1) Hulk Hogan was responsible for Sting getting into the wrestling business. Sting, aka Steve Borden, did not grow up watching wrestling, and in his early-20s had absolutely no interest in getting into the business. Bodybuilding was young Steve’s thing and he spent most of his time working out in a Gold’s Gym near Venice Beach. One fateful day former NWA Tag Team Champion Red Bastien came into the gym looking to recruit members for a new musclehead wrestling stable called Powerteam USA, and he immediately set his sights on the man not yet called Sting. Bastien would try the hard sell numerous times, but Borden had absolutely no connection to wrestling, and thus no interest.

Two of these guys became world champions, the other two quit within months. Not a bad ratio, Powerteam USA. 

That all changed when a certain blonde, mustachioed WWF Champion started regularly showing up at the gym. The soon-to-be Sting could sense Hogan’s success, and later saw him as Thunderlips in Rocky III, leading him to think that maybe, just maybe, this wrestling thing might be for him. Borden would finally take Bastien up on his offer, train under him and, after a few more bumps in the road, become one of the most prosperous wrestlers of all time. Despite that success, Sting still maintains that he doesn’t really watch wrestling and never has, so it’s a good thing one of the most important wrestlers ever just happened to mosey into his gym.

2) Sting began his career as Ultimate Warrior’s partner in a Blade Runner-themed tag team. Powerteam USA didn’t stick around for long because, well, they were just four jacked-up dudes plucked from random gyms and given a bare minimal amount of training, so they weren’t very good, but the two most promising guys from the team found their way to Jerry Jarrett’s Continental Wrestling Association in Memphis. Who were these two guys you ask? Well, one was obviously Steve Borden, and the other was Jim Hellwig, aka the future Ultimate friggin’ Warrior.

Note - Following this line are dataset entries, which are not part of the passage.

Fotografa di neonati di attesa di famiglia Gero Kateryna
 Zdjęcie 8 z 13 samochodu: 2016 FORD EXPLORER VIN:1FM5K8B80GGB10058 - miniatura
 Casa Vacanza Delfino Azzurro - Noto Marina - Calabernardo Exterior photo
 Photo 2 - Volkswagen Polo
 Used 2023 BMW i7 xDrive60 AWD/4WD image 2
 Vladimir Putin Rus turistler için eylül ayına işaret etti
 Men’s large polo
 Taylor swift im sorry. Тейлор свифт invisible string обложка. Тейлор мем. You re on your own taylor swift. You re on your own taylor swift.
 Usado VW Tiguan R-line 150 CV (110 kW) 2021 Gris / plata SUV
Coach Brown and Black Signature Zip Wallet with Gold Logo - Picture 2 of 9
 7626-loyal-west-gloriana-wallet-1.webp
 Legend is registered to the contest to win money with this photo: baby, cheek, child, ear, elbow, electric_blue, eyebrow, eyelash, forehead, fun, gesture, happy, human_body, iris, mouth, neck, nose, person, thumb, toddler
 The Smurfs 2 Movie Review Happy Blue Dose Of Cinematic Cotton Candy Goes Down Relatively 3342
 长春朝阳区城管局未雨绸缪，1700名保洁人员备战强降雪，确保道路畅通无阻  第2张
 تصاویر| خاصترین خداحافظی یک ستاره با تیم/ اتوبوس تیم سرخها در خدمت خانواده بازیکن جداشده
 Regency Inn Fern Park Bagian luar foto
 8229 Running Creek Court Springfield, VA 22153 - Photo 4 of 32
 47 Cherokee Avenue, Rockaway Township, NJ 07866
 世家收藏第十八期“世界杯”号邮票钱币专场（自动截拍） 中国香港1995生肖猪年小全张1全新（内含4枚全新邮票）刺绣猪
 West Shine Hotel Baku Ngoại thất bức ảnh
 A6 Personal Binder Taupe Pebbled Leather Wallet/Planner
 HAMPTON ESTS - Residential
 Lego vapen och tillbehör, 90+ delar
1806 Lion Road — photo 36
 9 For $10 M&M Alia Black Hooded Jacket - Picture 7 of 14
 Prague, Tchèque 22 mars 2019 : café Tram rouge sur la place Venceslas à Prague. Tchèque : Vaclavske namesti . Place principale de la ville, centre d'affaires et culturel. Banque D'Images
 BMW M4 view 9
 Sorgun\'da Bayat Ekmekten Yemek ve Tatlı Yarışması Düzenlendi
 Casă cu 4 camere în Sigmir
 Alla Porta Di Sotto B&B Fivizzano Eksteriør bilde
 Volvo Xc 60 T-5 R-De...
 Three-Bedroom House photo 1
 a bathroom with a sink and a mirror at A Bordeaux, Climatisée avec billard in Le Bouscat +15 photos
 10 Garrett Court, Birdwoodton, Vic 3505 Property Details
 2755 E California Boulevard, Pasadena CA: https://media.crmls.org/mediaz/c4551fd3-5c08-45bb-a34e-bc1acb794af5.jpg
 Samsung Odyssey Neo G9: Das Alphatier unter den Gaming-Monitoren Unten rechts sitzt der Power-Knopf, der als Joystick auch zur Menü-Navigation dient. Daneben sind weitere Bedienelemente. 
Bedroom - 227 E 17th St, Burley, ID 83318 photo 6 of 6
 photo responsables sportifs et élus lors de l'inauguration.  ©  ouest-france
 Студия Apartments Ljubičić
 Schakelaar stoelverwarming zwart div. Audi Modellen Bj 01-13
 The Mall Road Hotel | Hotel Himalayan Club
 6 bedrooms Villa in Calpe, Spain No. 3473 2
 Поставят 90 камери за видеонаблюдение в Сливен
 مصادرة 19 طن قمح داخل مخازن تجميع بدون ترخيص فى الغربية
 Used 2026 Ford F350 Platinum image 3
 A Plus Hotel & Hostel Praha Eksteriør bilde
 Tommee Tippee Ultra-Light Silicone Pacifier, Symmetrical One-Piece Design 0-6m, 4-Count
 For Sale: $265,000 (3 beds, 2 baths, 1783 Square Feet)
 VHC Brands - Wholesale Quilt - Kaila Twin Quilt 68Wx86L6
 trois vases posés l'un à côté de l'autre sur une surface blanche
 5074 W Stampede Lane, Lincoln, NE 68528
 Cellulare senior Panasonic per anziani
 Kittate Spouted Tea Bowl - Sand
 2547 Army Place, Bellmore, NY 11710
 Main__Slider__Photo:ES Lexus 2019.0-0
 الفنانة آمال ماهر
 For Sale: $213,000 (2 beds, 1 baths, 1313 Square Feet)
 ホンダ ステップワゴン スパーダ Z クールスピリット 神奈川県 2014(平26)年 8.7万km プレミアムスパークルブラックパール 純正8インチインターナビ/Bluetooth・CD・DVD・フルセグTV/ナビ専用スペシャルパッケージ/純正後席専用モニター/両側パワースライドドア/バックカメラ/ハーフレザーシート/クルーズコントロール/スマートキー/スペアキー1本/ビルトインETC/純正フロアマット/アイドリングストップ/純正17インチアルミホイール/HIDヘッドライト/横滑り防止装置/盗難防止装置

Initially the duo were known as The Freedom Fighters with Hellwig going by Justice and Steve going by Flash (because “Flash Borden”, get it?) The Memphis crowd, used to cheering for chubby dudes in crowns, turned on the beefy Freedom Fighters but quick, so they went heel, started painting their faces, changed their team name to The Blade Runners and their individual names to Sting and Rock. Yup, the Ultimate Warrior was the Rock back when Dwayne Johnson was still in middle school. The Blade Runners would last less than a year before breaking up, with Hellwig leaving for WCCW in Texas en route to WWF, and Sting doing a short stint in UWF in Louisiana before joining the NWA/WCW. Despite the relatively short tenure of their tag team Sting and Warrior would remain close friends until Warrior’s untimely death this past year.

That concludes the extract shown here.